On appearances the delta seemed no place for artistic greatness to influence a civilization, yet this became the wellspring for American music. Multiple genres were impacted, including folk, gospel, blues, ragtime, jazz, “hillbilly” or country music, and, ultimately, rock ‘n’ roll. The essential delta factor, according to many, was the rub of class and race in a harsh frontier.
“All the music culture that’s come into Memphis has come in here from poor whites and poor blacks,” said Judd Phillips, record producer, in 1979. “I think we need to take into consideration that poor whites and poor blacks came in here looking for jobs… and they were singing their hearts out. It’s not there in Chicago, or New York, or on the West Coast. It came from right here in the melting pot of human suffering.”
“These untrained musicians in the Mid-South, from the delta of Mississippi, the delta of Arkansas, west Tennessee, southeast Missouri, northwest Alabama—you had a combination of country people,” said Sam Phillips, brother of Judd and founder of Sun Records. “I mean really country musicians, amateur musicians, black and white, the likes of which no other section in this land had.”
Delta songsmiths “created a sound out of the way they lived and their backgrounds and their roots,” said Al Bennett, recording magnate reared on a farm in northeast Arkansas. “I don’t think it was designed.”
“There are two choices in Arkansas…,” said singer Ronnie Hawkins, founding member of The Hawks. “You either pick cotton for three or four dollars a day, or you can play music and get out. So there’s an awful lot of people trying to pick guitars in that area.”
Johnny Cash recalled helping his family clear swamp tangle for a meager farm at Dyess, Ark., with floodwater the perennial threat. Cash believed the experience translated later for his music, attracting wide audience. “When you work close to the earth on some poor dirt farm… you learn to understand the basic things about love and hate and what people want from life,” Cash observed.

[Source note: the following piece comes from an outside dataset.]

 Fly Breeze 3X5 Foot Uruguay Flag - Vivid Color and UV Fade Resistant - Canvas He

“I think the Mississippi delta was just as fertile to American culture as the delta was in ancient Egypt,” said author Nick Tousches, biographer of Jerry Lee Lewis, in 1994. “It was where black people heard the white man’s music and made something new out of it. It was where the white man heard the black man’s music. And people say the blues came from Africa; well, I think they really came from the Deep South.”

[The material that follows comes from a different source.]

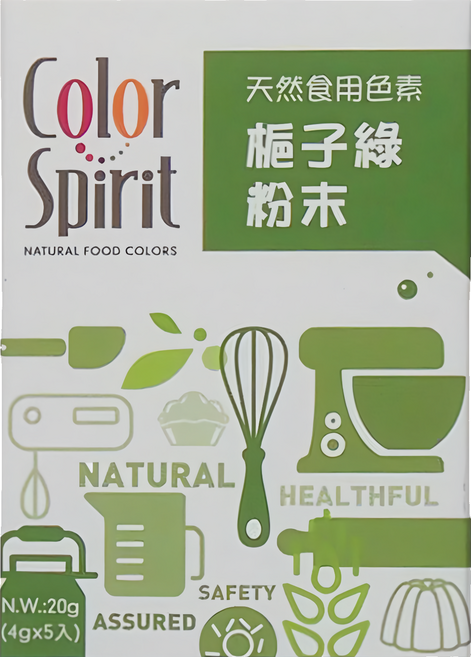 Color Spirit 梔子綠色素粉末, 20g, 1盒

Author Rose Marie Kinder heard lyricism in everyday language of her native southeast Missouri, where expression “differs from anywhere else in the state or country,” Kinder said. “It’s subtle, perhaps, but you’ll know the true southeast Missouri vernacular when you hear it. It’s not Southern inflection, not just metaphor and certainly not just colloquialisms. It’s wit and pacing and sharp, apt observation.”

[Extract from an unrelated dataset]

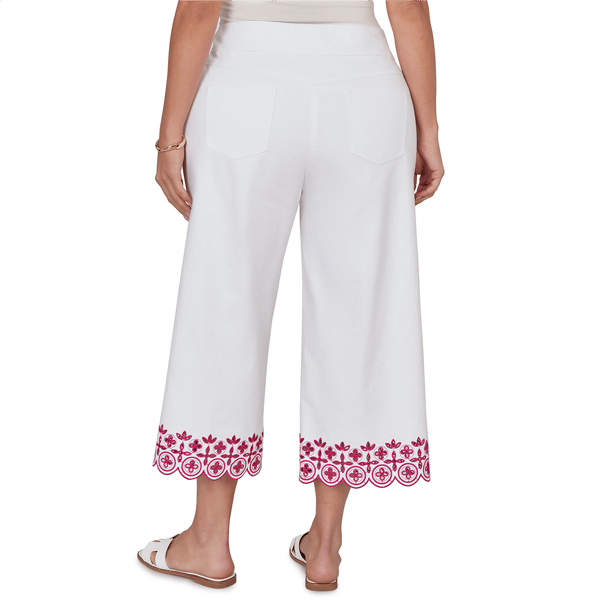 Plus Size Ruby Rd. Hothouse Florals Embroidery Hem Wide Capris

“An added pronoun or two can make music if they’re in the right place.”
***
Elvis Presley appreciated modern aircraft, he just did not like flying. Now the TWA jet he had boarded in Los Angeles struck turbulence at 35,000 feet, bearing east at 600 mph. A storm system draped the country early this Thursday morning, June 30, 1960, with damaging winds having struck St. Louis at midnight.
Presley’s flight charged on through rough skies and then, three hours airborne, the Boeing 707 decelerated noticeably, dropping in elevation. The aircraft nosed downward, immersed in clouds, jumpy through pockets, pitching about. The fuselage quivered and visibility was zero outside.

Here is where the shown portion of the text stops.